Today we celebrate all those things we are thankful for. Family, country, careers, friends… you name it, then be thankful for it. The first Thanksgiving was celebrate in 1621 and went on for three days. Of course, they didn’t have football games to watch back then or it might have lasted longer! It wasn’t until 1941 that Congress set the date for Thanksgiving on the fourth Thursday in November. In the past, it has been celebrate in September or October before finally ending up in November. If you think about it, there really is a lot to be thankful for. We eat, drink and watch out favorite movies (Or football) on Thanksgiving Day, all the company of our loved ones and friends which is what it really is all about. The food is nice, the entertainment good but having our friends and family with us is everything.
How to celebrate – Make this Thanksgiving a special day for all. Know what you are thankful for. Dress up like a Pilgrim, or a Native American, or even a turkey.
Today we celebrate some of the most mistreated people on the face of the earth, the Native American. When I was young I always thought the cowboys and cavalry were the greatest thing on earth, but then I learned what they did to the Native Americans and I felt ashamed.
The Europeans, and people from other settling groups, push the Native American across the United States, Mexico and Canada until they had no place left to go.

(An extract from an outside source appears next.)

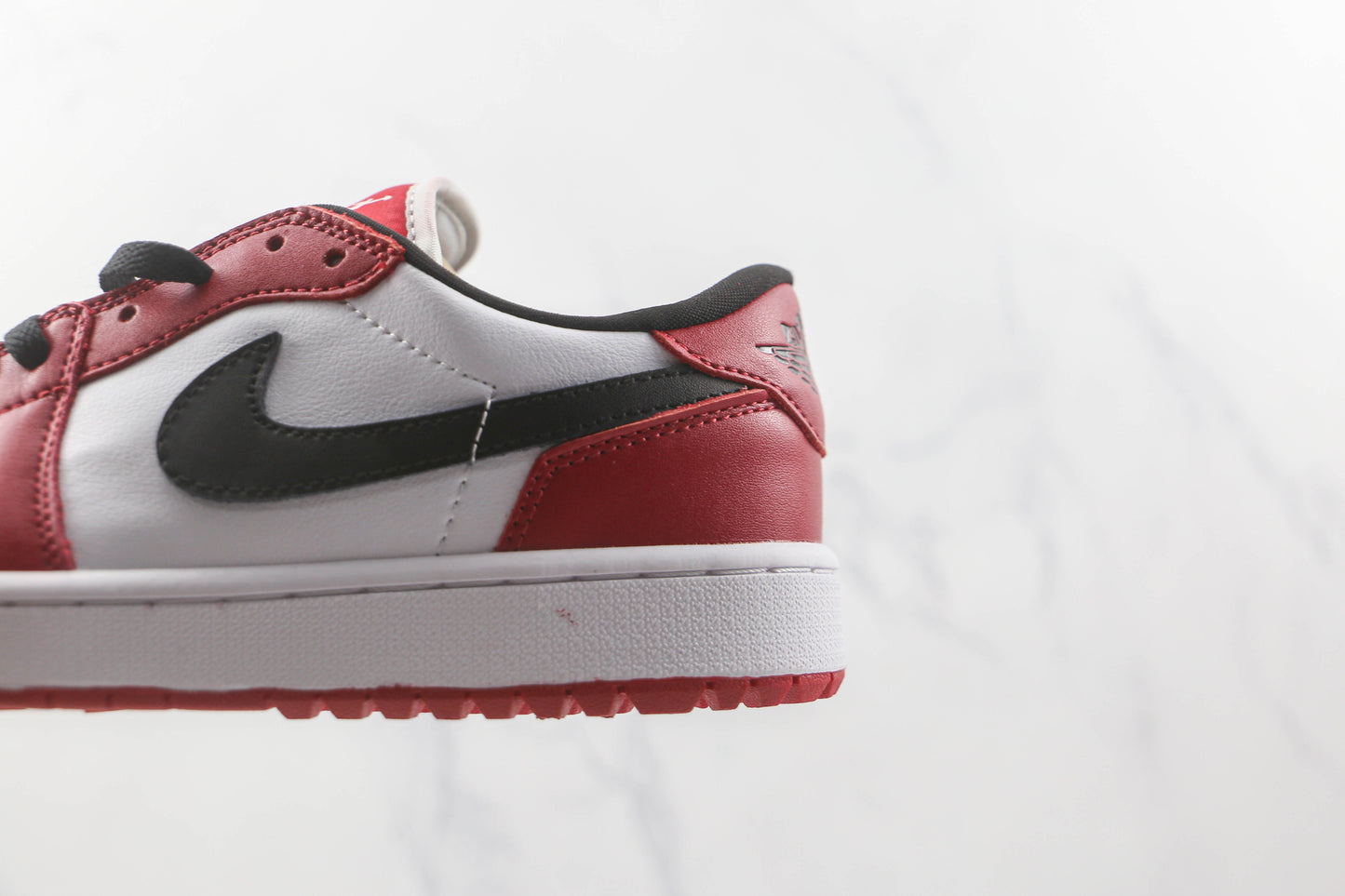 Jordan 1 Low Golf "Chicago"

The answer was to put them on reservation. Not a good answer, but an answer. It’s sort of like taking a wild animal and putting them in a cage and see how they like it.
Not that the Native American was a wild animal, they were actually more peaceful that the people who claimed them to be savages. But when pushed hard enough, they did fight back and who could blame them?

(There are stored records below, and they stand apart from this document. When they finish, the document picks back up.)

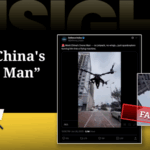 T4ZFETMTDP883TM4NSMC - 🌍NewspaperAmigo – Your Global News Buddy 🗞️ China's 'Drone Man' Hoax: How AI Deepfakes Fooled Millions 🌐🤖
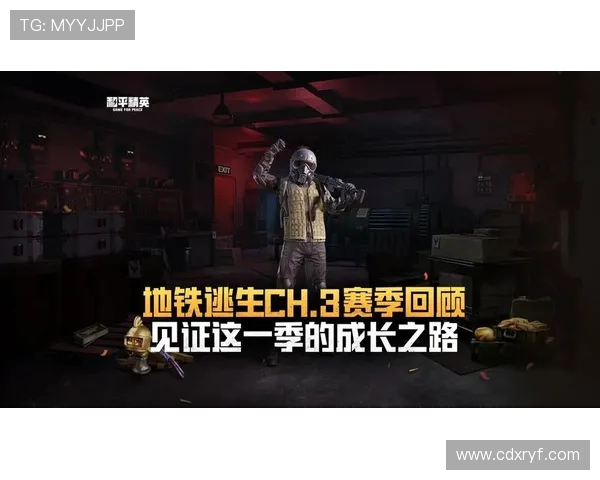 杨丽专访：从新手到高手的和平精英成长之路回顾与展望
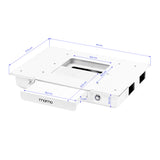 Momo 05-SL cosmetic desk with absorber - BVShop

There are more than 562 tribes that lived free in America before it was “settled”. Most were very peaceful people. Many helped the settlers, some saved the settlers from starvation. In return, we pushed them off their lands and gave them deceases they had no cure for.
There are some 3 million left today living in the United States. The only thing they did wrong was being here before the rest of the world got here. They honor life, the land and the beasts given man. It is time we all honor them for the suffering at our hands.
How to celebrate – Honor the Native American for who they are. Study what daily life was like for any of the native tribes. Visit a tribe and see the wonder of colors, food and life styles.
Today is my sisters birthday. No, that doesn’t have anything to do with pecan pie but then neither does the National part of the title so… happy birthday! Maybe we can have pecan pie instead of cake! I’d like that better!
Pecan pie probably started with the Native American tribes, the Quinipissa and the Tangipahoa tribes of Texas. There seems to be evidence of the use of pecans since 8,000 BC and we have no reason to believe that they did not turn that into pie. The word pecan comes from the Alogonquin languauge.
There are many recipes, most involving eggs, butter and sugar (Normally Corn Syrup). However brown sugar, molasses, maple syrup and honey are used either in addition to, or replacing original ingredients. You can try the recipe above or this one for your own guideline to follow.
Not willing to settle on the common pecan pie, many add chocolate or cinnamon to top the pie off. I’m not exactly sure what was wrong with the original but if you like that, fine. I am more of a purist. You can top it with ice cream or whipped cream, which is nice so long as, to me, you don’t cover up the natural flavor.
How to celebrate – Bake a pecan pie for your family today, or your friends, or maybe just for yourself. Try your own recipe, like maybe adding coconut making it more of a German Chocolate Cake pie. If you are not fond of pecans then you could try any other kind of nut, but then of course it’s not a part of National Pecan Pie Day!